Linden McBride is a PhD student at Cornell’s Dyson School
Accurate targeting is crucial to the success of food security or social safety net interventions. To achieve accurate targeting, project implementers seek to minimize rates of leakage (benefits reaching those who don’t need them) and undercoverage (benefits not reaching those who do need them). As already noted on this blog, minimizing these errors is not an easy task.
One approach, conducting full means tests for identification of project beneficiaries, requires long and detailed surveys on household consumption and expenditures, a time consuming and expensive option. A short-cut, called proxy means tests (PMTs), developed for the targeting of social programs in Latin American countries during the 1980s, uses a small number of easily verifiable household characteristics.
PMT tools assign weights to a short list of household characteristics, using either regression or principal components analysis, by comparing the best fit of a PMT to the full means test in a nationally representative data set. PMTs have become common tools for targeting and poverty assessment where full means tests are costly. Today they are used by USAID microenterprise project implementing partners, the World Food Program, and the World Bank, among many others, for poverty assessment, beneficiary targeting, and program monitoring and evaluation in developing countries.
Once weights have been generated for a set of observable household characteristics that can account for a substantial amount of the variation in household wealth or welfare, the development practitioner can apply the PMT tool to a sub-population selected for intervention to rank or classify households according to PMT score.
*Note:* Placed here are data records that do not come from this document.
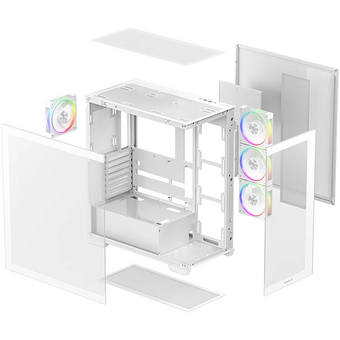  Корпус Deepcool CG580 4F V2 WH без БП, боковое окно (панорама), 4x120mm ARGB PWM вентилятора, белый, ATX 
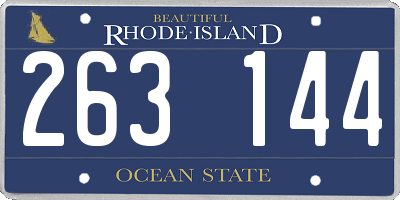 RI license plate 263144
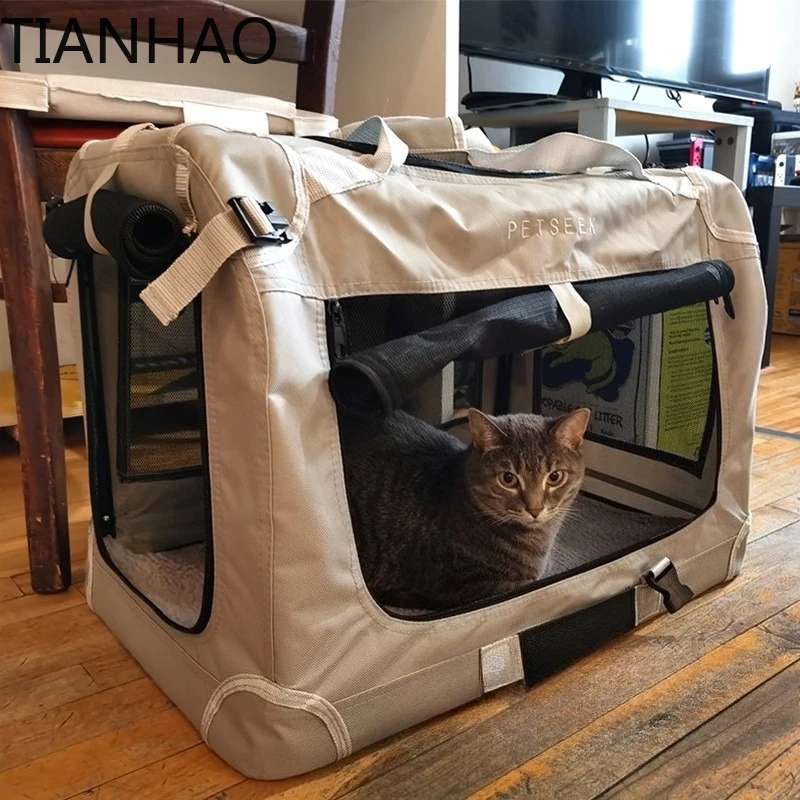 Portable Cat Bag Extra Large Travel Cat Bag Pet Car Box Folding Pet Bag for Going Out Large Capacity Dog ​​and Cat Cage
This process involves implementation of a brief household survey to the targeted subpopulation to gather the household characteristics needed for the PMT tool. The observed household characteristics are then multiplied by the PMT tool weights to generate a PMT score for each household. In many applications, the calculated PMT scores are used to rank households from poorest to wealthiest, and the poorest households are selected as program beneficiaries.
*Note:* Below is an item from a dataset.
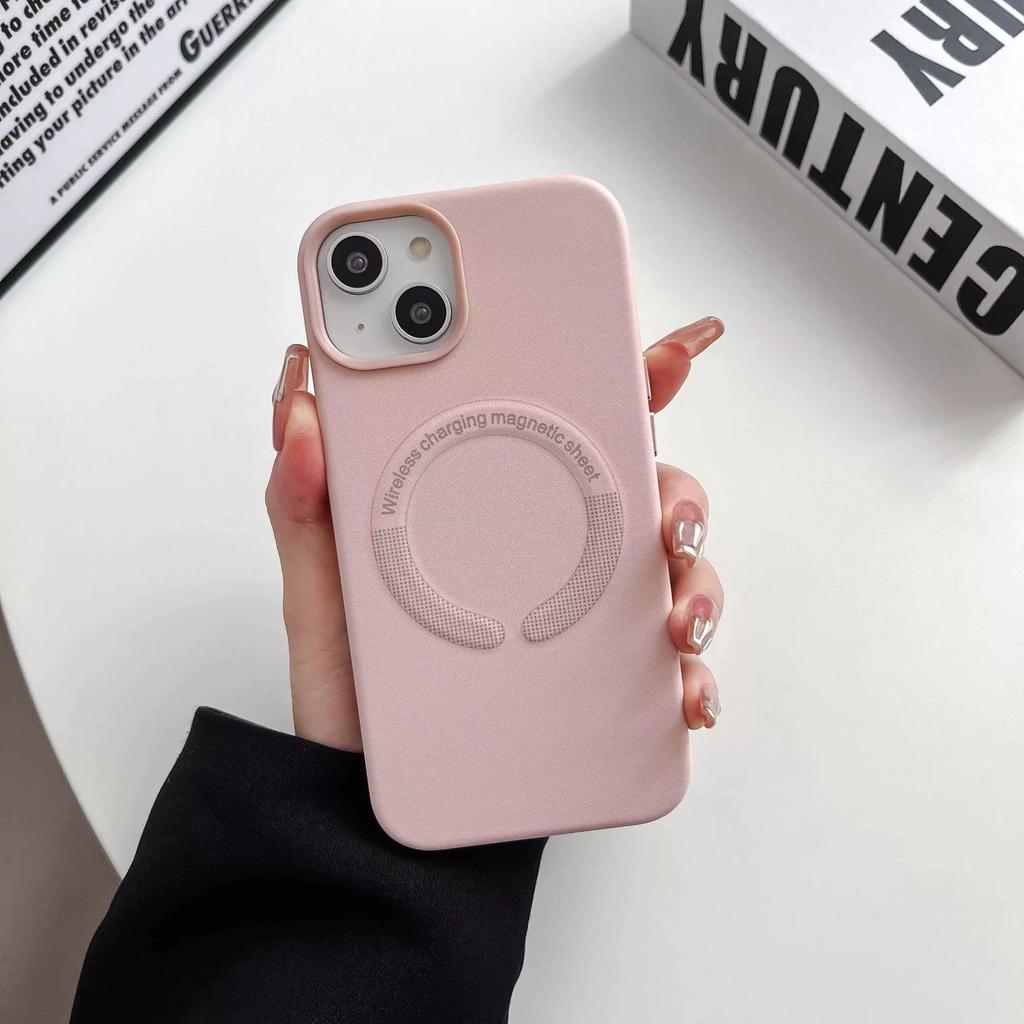 Applicable To Apple 15 Leather Mobile Phone Case MagSafe Magnetic Absorbing IPhone14 Business Model 13Pro Anti-fall Protection Case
Overall, the objective of PMT tools is to quickly and affordably identify households meeting particular criteria in a new setting (but under the same data generating process) using a model parameterized with previously available data. Therefore, for PMT tools to serve their purpose, it is important that they perform well not only within the data set or sample in which they were parameterized but also, and especially, within the new data set or sample.
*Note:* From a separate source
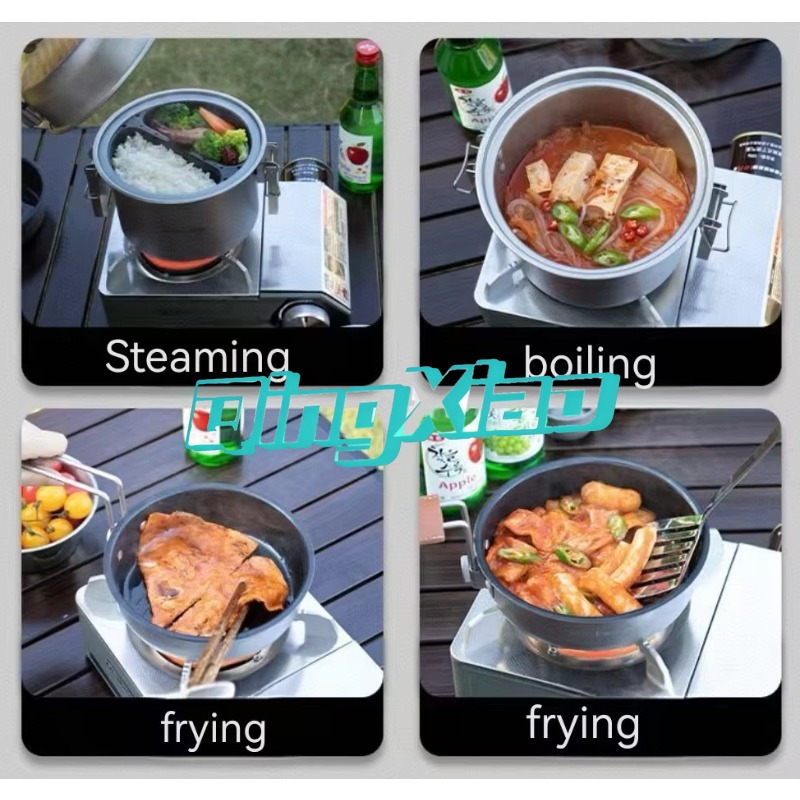 屋外用304ステンレス鋼多機能キャンプ調理器具鍋、蒸し、揚げ - Camping Cooking Pot のレビューと価格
In other words, high out-of-sample prediction accuracy must be prioritized in the development of PMT tools. In the fields of machine learning and predictive analytics, stochastic ensemble methods have been shown to perform very well out-of-sample due to the bias and variance reducing features of such methods.
In our paper, Improved poverty targeting through machine learning: An application to the USAID Poverty Assessment Tools**, Austin Nichols and I present evidence that the application of machine learning methods to PMT development can substantially improve the out-of-sample performance of these targeting tools. We illustrate the potential of machine learning algorithms for PMT tool development by applying stochastic ensemble algorithms such as random forests to a set of PMT tools that have been developed by the University of Maryland IRIS Center for the purpose of USAID poverty assessment. We find gains in poverty targeting accuracy from 2 to 18 percent across countries. Monday’s post will detail the methods and findings of the paper.
**This paper has been revised and published under a new title, Re-tooling poverty targeting using out-of-sample validation and machine learning.